By default your device automatically uses the NTP service specified by your DHCP server. If you don't use DHCP or your DHCP server doesn't specify an NTP server IP address the device will instead use the debian NTP servers. If you want to manually configure other NTP servers you can specify those by creating a new file /config/ntp. It must consist of a single line with NTP server hostnames separated by spaces. So a custom configuration looks like this:

Specify audio target

By default info-beamer outputs audio using the RCA jack on the Pi. If you want to output audio using HDMI, create the file /config/audio and add a single line containing hdmi to it. If you want to force using the RCA jack, set its content to local.

Force output resolution

Normally the Pi automatically detects the resolution of attached screens. If you have a special setup where EDID does not work or you want to force a resolution you can specify it in the the /config/tvservice.
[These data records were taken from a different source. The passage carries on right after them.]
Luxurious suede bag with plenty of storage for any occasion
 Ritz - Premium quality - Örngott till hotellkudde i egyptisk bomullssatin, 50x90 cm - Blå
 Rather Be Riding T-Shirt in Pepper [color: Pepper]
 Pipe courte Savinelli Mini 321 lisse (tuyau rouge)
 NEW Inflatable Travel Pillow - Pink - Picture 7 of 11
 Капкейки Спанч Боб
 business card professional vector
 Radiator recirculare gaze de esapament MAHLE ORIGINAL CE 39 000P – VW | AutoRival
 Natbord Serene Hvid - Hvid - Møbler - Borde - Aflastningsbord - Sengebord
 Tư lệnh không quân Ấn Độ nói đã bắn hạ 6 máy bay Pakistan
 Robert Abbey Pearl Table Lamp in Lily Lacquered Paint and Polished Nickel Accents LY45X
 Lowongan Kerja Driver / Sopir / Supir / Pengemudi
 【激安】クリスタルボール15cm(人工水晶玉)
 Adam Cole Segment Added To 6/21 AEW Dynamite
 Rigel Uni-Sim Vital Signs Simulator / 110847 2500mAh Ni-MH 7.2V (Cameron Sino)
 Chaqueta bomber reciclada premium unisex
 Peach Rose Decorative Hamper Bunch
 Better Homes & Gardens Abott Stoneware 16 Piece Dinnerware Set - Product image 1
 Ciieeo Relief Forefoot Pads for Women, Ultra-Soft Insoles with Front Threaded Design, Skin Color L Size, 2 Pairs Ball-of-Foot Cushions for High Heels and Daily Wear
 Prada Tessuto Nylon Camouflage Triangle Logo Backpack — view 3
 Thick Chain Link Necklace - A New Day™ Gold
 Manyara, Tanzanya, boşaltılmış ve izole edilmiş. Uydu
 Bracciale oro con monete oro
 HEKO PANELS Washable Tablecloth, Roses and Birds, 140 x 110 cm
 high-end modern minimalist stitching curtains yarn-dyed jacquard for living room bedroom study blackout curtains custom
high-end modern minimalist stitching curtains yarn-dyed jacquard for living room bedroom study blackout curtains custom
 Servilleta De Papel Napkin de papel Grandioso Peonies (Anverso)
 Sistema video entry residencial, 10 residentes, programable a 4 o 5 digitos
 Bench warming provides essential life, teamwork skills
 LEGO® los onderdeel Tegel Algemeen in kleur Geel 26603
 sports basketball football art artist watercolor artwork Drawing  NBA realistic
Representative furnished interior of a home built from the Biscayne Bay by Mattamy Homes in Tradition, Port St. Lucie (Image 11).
The file must consist of a single line with the intended mode. All available modes can be seen on

There are two different HDMI output groups: CAE and DMT. You specify the mode by specifying the HDMI output group and the intended HDMI mode. An example file might look like this:

DMT 82

This will set the output to 1920x1080 with 60Hz.

Custom resolution

You can force the Pi to output any custom resolution. First you'll have to define the resolution using the /config/userconfig.txt file. Add a line like this:

hdmi_cvt=768 576 60 1 0 0

The parameters to hdmi_cvt as as follows:

hdmi_cvt=<width> <height> <framerate> <aspect> <margins> <interlace> <rb>
width width in pixels
height height in pixels
framerate framerate in Hz
aspect aspect ratio 1=4:3, 2=14:9, 3=16:9, 4=5:4, 5=16:10, 6=15:9
margins 0=margins disabled, 1=margins enabled
interlace 0=progressive, 1=interlaced
rb 0=normal, 1=reduced blanking

Then create the /config/tvservice file with the following content to force the defined solution:

DMT 87

Force composite output

Usually an info-beamer device always activates HDMI output even if no HDMI screen was detected. If you want to force analog composite output instead, you can use the /config/userconfig.txt file for that. Create it and add the following two lines:


Control dual display placement

You can connect two displays to the two HDMI outputs of the Raspberry Pi 4. The default is to mirror output if both displays are active. If you want to show different content on each of the screen you can use the configuration file /config/dual-layout.json to control placement (in pixels) of the second HDMI output in relation to the first display. Create the following file:

   "dual_offset_x": 1920,
   "dual_offset_y": 0

This example would place the output of the second screen to the right of the primary display. Note the placement is given in pixels, so it's directly related to the configured resolution. Using 0 for both values would place both display on top of each other and is the default mirrored mode. It's also possible to have display only partially overlap each other. Do not place displays too far away from each other as it will hurt performance.

Disable CEC standby

When switching off its output (for example when using the Power Saver Package), a device normally also issues a CEC command to send the attached HDMI display to standby mode. You can avoid this and instead only have the device power off its own HDMI output. Add an empty file named /config/no-cec-standby for that.

Activate SSH

Create the file /config/authorized_keys. This file follows the usual authorized_keys file format. So it contains one or many SSH public keys that will be allowed to SSH as root into the device.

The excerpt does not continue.